TASK
Taking the line with "Down 2023 Soğuk" as the first and the last line of the listing as the final one, please copy exactly those lines and no others, without pictures.

DATASET EXTRACT
........
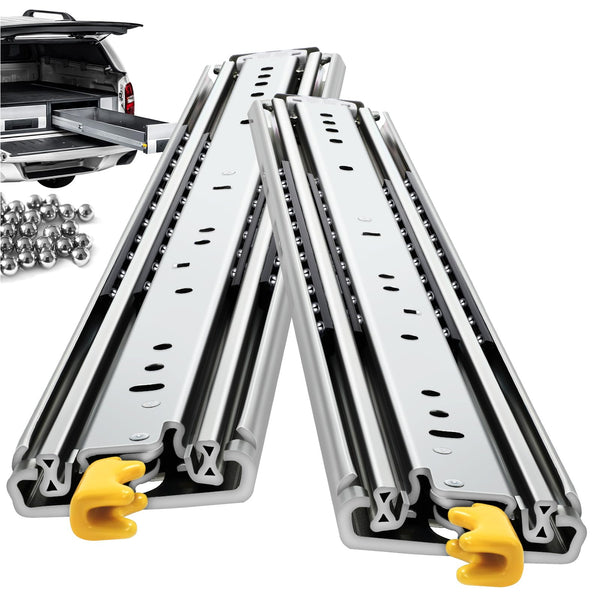 VAGUDE with Lock Heavy Duty Drawer Slides 12 14 16 18 20 22 24 26 28 30 32 34 36 40 44 48 52 56 60 Inch 420 Lbs Side Mount Full Extension Ball Bearing Rails Rail Tool Box Runner-W:76mm, 30 Inch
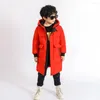 Down 2023 Soğuk Kış Çocuk Giysileri Moda Kızlar Noel Dış Giyim Kırmızı Siyah Boys Ceket Pamuk Uzun Büyük Cep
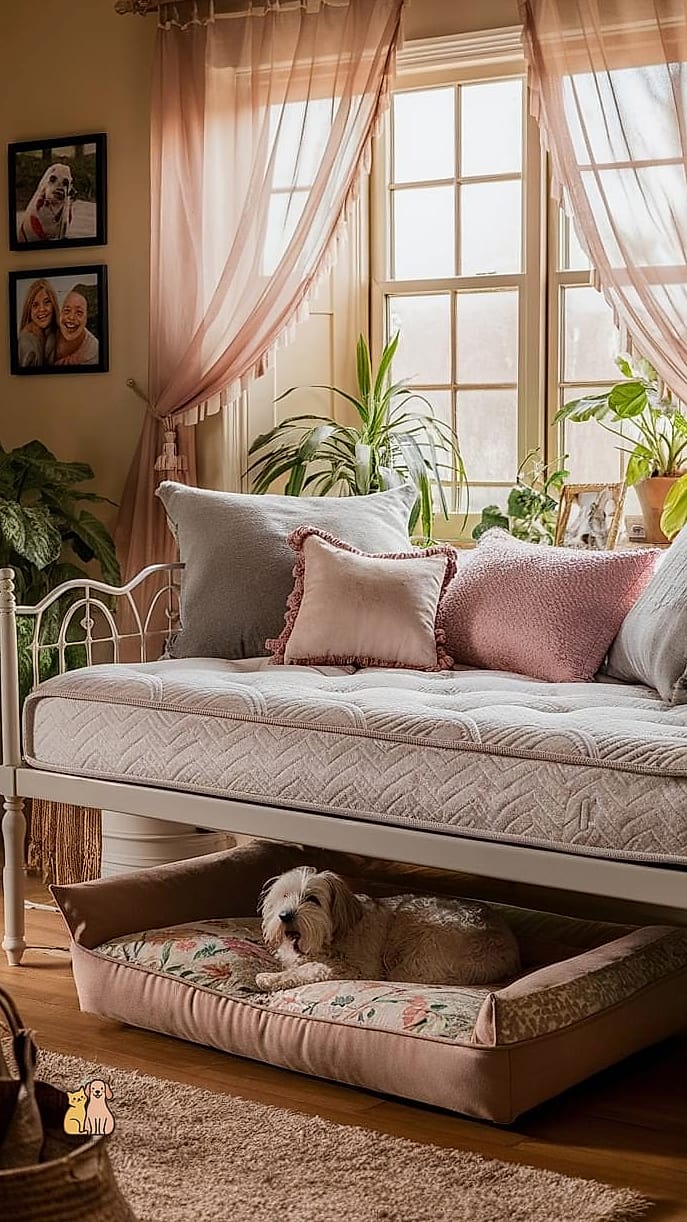 11. Daybed With a Dog Bed Attached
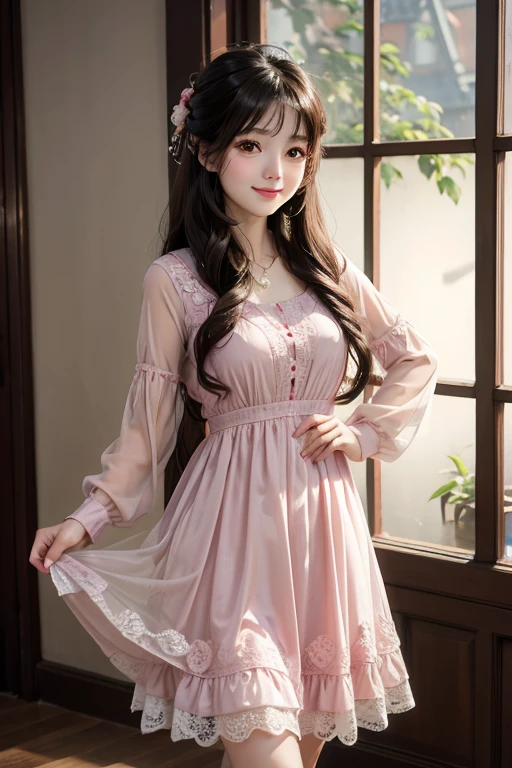 A young Asian woman with long dark hair wearing a pink lace dress, smiling at the camera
........
PROBLEM SOLUTION
 Down 2023 Soğuk Kış Çocuk Giysileri Moda Kızlar Noel Dış Giyim Kırmızı Siyah Boys Ceket Pamuk Uzun Büyük Cep
 11. Daybed With a Dog Bed Attached
 A young Asian woman with long dark hair wearing a pink lace dress, smiling at the camera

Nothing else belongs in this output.